Matt and Sally have a bit of history together that, apparently, mostly unfolded right here in this boathouse, a summer ago. They also have history separately, burdens from earlier in their lives that weigh their hearts down and have erected barriers around them; Matt recounts an anecdote about an acquaintance who thinks people are like eggs, their shells providing thin but necessary protection from those nearby. In the play's 97 minutes, Matt means to break through Sally's shell—and allow her to pierce his as well—and get her to agree to marry him. (If you're familiar with Wilson's Fifth of July, written before this but taking place 30 years later, you know whether he succeeds or not.)

It's a sweet, thoughtful, highly articulate study of two outsiders who come to realize that they may be soulmates. Wilson's script is rich, funny, and filled with humanist details that give the romantic banter heft: one of the things that Matt and Sally have in common is a deep concern for the progress of human affairs, and their conversation frequently touches on matters political, historical, economic, or social; but there's a naturalness and lightness that keeps this from ever feeling polemical or even Shavian. The play works because we like and care about these two and want to know about them and for them to find the happiness that has thus far eluded them in life.

Danny Burstein takes what feels like the "star role" of Matt and runs with it; it's a good fit for his ebullient stage persona and lets him clown around on ice skates, deliver a comically poor impersonation of Bogart, and also show us the sad serious fellow underneath. I love seeing Burstein in a leading role in a major play, but I'd love even better seeing him in the lead in something new; his Broadway credits in the program include roles in 9 revivals and only 4 new shows (all musicals).

Sarah Paulson has what to my mind is the more interesting role, and I felt she inhabited Sally quite completely. Sally seems to me to be the one Wilson knew better; the history he gives Matt fits precisely within our stereotyped idea of an accented European Jew in America in the '40s, while the one provided Sally is surprising and starkly authentic.

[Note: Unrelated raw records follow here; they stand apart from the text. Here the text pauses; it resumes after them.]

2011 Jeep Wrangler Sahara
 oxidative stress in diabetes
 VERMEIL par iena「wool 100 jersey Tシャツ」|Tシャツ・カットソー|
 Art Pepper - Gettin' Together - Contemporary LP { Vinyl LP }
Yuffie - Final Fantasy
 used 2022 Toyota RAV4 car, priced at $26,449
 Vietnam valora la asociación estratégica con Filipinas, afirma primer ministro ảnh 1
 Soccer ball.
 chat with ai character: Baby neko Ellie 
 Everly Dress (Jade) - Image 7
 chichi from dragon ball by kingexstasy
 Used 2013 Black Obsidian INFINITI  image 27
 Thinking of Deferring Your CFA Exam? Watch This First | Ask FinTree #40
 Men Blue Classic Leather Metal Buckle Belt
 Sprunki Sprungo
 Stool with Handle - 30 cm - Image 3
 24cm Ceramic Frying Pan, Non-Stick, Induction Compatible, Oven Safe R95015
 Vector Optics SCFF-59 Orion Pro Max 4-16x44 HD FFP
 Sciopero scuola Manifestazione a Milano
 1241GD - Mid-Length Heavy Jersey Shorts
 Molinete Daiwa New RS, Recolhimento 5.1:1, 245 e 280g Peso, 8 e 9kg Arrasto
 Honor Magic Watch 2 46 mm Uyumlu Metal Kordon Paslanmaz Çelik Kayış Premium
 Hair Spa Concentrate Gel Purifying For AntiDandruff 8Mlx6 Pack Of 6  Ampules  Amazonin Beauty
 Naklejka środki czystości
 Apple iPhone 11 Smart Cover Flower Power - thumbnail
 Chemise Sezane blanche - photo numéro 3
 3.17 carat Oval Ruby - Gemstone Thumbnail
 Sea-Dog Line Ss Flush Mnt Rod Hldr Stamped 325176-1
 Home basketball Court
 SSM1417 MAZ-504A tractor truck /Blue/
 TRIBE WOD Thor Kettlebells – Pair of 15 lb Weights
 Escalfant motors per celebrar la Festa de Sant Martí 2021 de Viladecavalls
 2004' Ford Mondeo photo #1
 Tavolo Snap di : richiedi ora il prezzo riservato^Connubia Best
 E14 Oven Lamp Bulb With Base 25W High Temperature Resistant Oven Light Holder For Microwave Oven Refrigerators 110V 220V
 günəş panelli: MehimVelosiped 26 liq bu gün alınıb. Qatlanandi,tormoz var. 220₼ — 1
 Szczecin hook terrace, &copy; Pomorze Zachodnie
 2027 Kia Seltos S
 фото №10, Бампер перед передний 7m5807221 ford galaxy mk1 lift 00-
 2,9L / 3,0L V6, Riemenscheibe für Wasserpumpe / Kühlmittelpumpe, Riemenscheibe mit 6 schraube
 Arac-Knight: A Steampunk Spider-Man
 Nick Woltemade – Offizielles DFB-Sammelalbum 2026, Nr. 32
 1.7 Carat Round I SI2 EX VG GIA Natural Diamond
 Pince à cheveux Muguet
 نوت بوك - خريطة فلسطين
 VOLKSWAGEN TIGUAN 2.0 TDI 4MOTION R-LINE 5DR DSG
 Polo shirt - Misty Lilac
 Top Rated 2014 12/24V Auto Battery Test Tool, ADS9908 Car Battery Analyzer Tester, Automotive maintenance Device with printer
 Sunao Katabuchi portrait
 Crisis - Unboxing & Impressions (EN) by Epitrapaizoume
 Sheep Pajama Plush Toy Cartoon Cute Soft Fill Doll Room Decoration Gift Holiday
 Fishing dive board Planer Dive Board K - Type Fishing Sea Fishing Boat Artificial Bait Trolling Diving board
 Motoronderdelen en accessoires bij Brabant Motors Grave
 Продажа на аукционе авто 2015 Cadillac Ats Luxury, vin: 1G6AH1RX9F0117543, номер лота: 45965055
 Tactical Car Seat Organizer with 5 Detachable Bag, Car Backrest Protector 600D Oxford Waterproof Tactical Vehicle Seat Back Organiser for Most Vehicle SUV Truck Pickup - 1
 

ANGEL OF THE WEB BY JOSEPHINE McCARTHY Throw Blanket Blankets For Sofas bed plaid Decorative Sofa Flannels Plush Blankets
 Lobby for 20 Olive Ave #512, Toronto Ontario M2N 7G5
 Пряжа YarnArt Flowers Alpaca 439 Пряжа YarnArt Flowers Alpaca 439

My companion observed, quite rightly, that there's little chemistry between Burstein and Paulson, and that's unfortunate; I wanted to feel their connection rather than just intellectually accept it.

I also wished for a less naturalistic set. Jeff Cowie has built a detailed and stage- and eye-filling re-creation of a decaying boathouse, one that leaves almost nothing to the imagination. Yet Wilson has Matt break the fourth wall as soon as he arrives on stage; it seemed to me that a bit more reliance on the magical combination of theatricality and audience imagination might fit this play better than the vividly realized environment that's been provided.

But all this said, Roundabout has certainly given us a meritorious rendition of a play that's worth seeing.